A neutral approach, where the international community is on neither the political side but solely with the civilian population, has been shown to be far more effective at brokering a stable peace than the previous U.S. policy did. It recognizes both parties to a conflict as legitimate actors while delegitimizing human rights abuse and war crimes on both sides. The neutral humanitarian intervention creates space and incentives for both parties to come to the peace table. And it comes at the moral behest of the entire international community rather than simply the United States.

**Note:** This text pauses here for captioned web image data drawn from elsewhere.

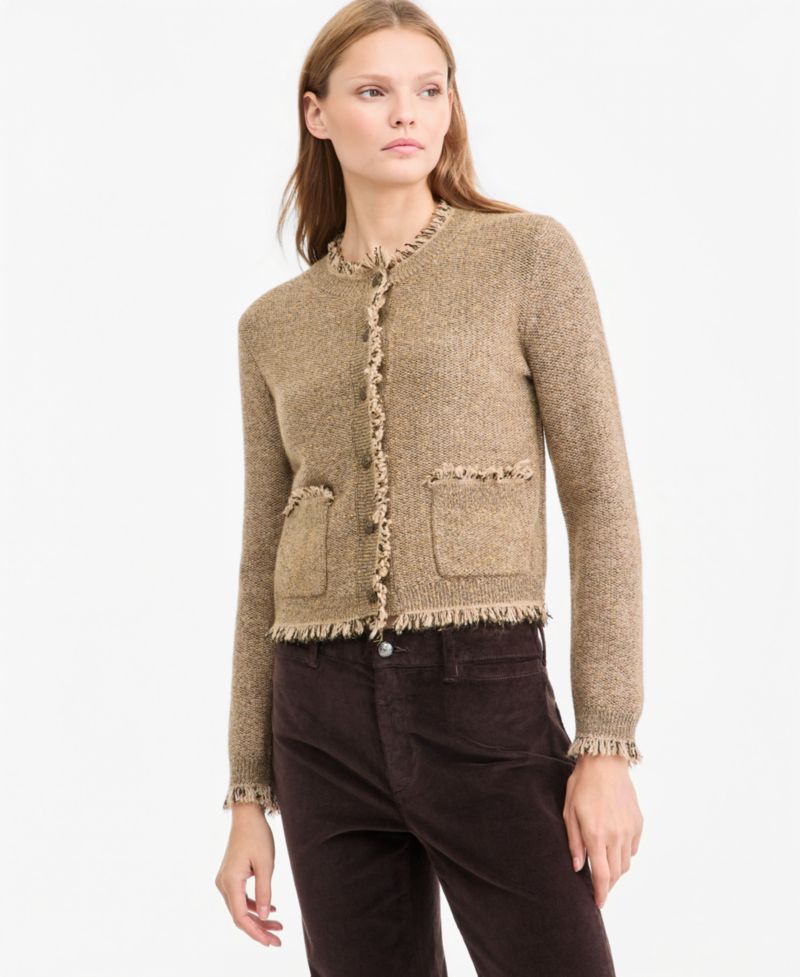 Women's Beth Fringe Cardigan, Macy's Exclusive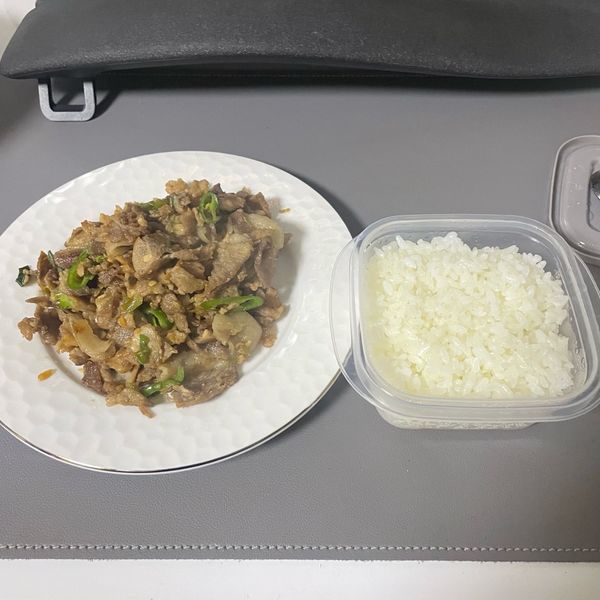 醤油唐辛子炒めのサムネイル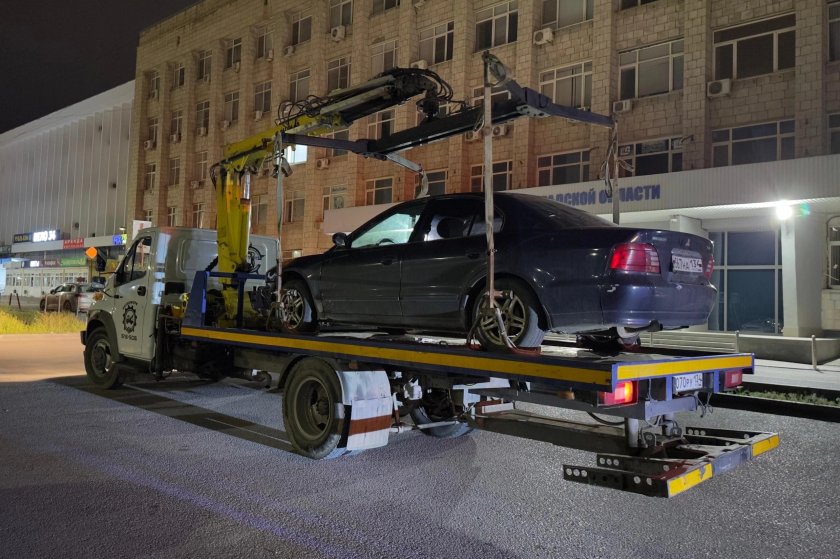 Эвакуация автомобиля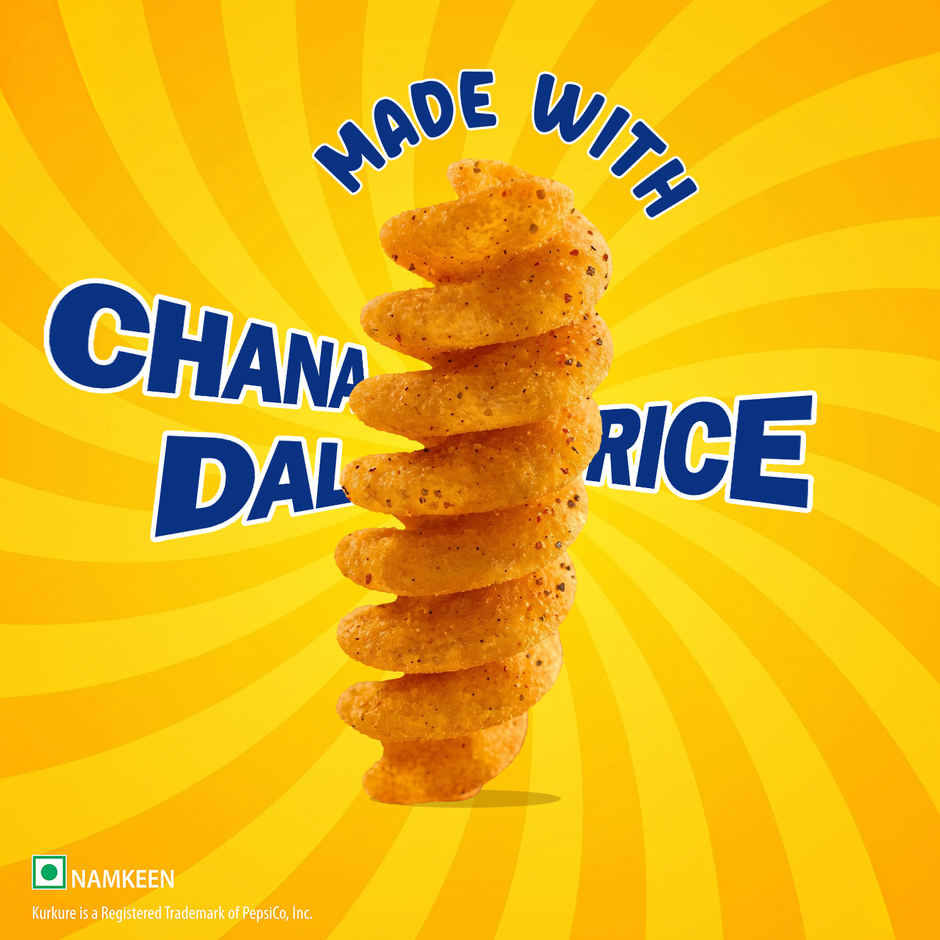 Kurkure Namkeen Solid Masti Masala Twisteez Snacks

The mode of aid flow must focus on helping Afghans rebuild sustainable livelihoods and protect basic healthcare and education—these goals must be pursued despite the Taliban’s lack of interest in their core governing responsibilities. There are no easy or simple solutions, but there are a number of ways the international community can act. Human rights groups such as Refugees International and Human Rights Watch have begun publishing guidelines for international aid to Taliban-ruled Afghanistan, especially assistance intended to benefit Afghan women and girls. These guidelines include support for “community-based education” that bypasses the Taliban and allows girls to learn outside the formal education system and financial assistance to civil society groups and communities that fight for women’s rights and freedoms.
Afghan women and girls are being wiped from sight. The world must not compound their invisibility by neglecting to come to their aid.